Pending the price I'd be in for this, perhaps over the Saint even... Hmmm...


----------



## Stage Tech (Jan 21, 2009)

*Re: Does any one have info on the Surefire Saint Minimus headlamp?*

So far , this is a rumor based on what ??


----------



## nzbazza (Jan 29, 2009)

*Re: Does any one have info on the Surefire Saint Minimus headlamp?*

In doing a google search for info on the Surefire Minimus Headlamp I came across this site that had full page scans of all the new Surefire toys/tools including the Minimus Headlamp!!!!  Many thanks to the scanner/site host for making this desperately waited for information available! :twothumbs:  :rock:

The minimus looks exactly like and my suspicion is that it actually is, the head unit of the Saint headlamp, and instead of a cable entry on one side a 1CR123 battery adaptor is screwed on instead, creating a nice compact unit. It'll be like strapping a Titan T1A to your forehead. It has the same "volume dial" UI of the Saint, just shorter runtimes 'cause of the single cell not three.

I guess that those who buy the full-blown Saint HL would be able to purchase the single cell adaptor to convert their Saint into a Minimus.

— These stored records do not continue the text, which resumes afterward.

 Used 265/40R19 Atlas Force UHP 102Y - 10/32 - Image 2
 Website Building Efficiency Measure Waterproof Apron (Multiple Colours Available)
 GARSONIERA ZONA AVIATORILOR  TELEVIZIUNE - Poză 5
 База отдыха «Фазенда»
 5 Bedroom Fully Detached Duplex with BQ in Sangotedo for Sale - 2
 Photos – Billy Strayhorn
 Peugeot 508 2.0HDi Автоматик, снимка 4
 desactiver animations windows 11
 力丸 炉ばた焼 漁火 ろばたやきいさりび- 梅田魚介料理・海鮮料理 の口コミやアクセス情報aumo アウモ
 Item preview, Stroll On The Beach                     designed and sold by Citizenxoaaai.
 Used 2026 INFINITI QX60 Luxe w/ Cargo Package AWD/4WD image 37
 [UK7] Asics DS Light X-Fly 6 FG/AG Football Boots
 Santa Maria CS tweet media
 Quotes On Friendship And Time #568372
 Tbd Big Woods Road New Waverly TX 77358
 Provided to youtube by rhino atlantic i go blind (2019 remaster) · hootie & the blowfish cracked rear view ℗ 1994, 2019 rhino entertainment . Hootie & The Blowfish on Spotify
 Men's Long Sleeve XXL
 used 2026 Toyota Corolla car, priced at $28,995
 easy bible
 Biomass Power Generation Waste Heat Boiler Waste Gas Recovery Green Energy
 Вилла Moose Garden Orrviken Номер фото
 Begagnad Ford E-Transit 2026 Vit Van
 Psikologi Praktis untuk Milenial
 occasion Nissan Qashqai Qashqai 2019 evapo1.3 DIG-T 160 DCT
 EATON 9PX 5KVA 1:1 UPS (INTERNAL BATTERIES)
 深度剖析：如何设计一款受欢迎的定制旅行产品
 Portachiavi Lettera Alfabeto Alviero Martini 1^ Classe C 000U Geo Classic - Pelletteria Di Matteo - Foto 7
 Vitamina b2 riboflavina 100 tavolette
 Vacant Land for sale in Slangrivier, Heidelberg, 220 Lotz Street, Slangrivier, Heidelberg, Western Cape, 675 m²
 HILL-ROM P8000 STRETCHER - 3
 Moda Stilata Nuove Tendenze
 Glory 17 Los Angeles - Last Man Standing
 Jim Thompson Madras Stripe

Now we just have to wait until these puppies make it to the market....


----------



## gillestugan (Jan 30, 2009)

*Re: Does any one have info on the Surefire Saint Minimus headlamp?*

good work finding the information. It really looks great! Rotary selector and 1 lumen on low are really good features and now they come in such a small package.


----------



## Stage Tech (Jan 30, 2009)

*Re: Does any one have info on the Surefire Saint Minimus headlamp?*

I don't think this minimus is going to be modular with the full saint....it doesn't have the top head strap nor the place to fix it...
The whole strap is different , it doens't have the cable adjustment parts , etc...
Let's hope it does , but from the pics , looks like two different units.
I'll go for the Minimus...


----------



## knf (Jan 30, 2009)

*Re: Does any one have info on the Surefire Saint Minimus headlamp?*

You might not be able to convert a Mimimus up to a full Saint, but it could be possible to buy a Saint and convert it to a Minimus by removing the top strap, battery pack and cable and screwing in the single cell adaptor at the front. In which case it would be incredibly flexible.


----------



## Blindasabat (Jan 30, 2009)

*Re: Does any one have info on the Surefire Saint Minimus headlamp?*

That is CPF member Matt0. He posted those from pdf files another member (Phredd) posted in this thread on "SureFire 2009 Catalogs" in the LED forum. He did that because many, including myself, could not open Phredd's links.


nzbazza said:


> In doing a google search for info on the Surefire Minimus Headlamp I came across this site that had full page scans of all the new Surefire toys/tools including the Minimus Headlamp!!!! Many thanks to the scanner/site host for making this desperately waited for information available! :
> http://mattdehoogh.com/pics/SF2009/


----------



## Blindasabat (Jan 30, 2009)

*Re: Does any one have info on the Surefire Saint Minimus headlamp?*

Remember to compare to SureFire lumens: with SF you get out the front at least what is quoted (over 100L on high) instead of typical bulb lumens. The H30 does have it all over the Saint Minimus in size though. The H30 size, weight, and UI set a new standard, but the beam could use a touch more collimation. The Minimus will probably put more light where you are looking and use the lumens more efficiently than the H30. I always have to use the H30 on medium to read a book while camping - that's 20 lumens (claimed, but fairly accurate in ZL's case) - while if I use a moe concentrated beam HL, I only need ~6 Lumens. Beam profile is very important to efficiency depending on use.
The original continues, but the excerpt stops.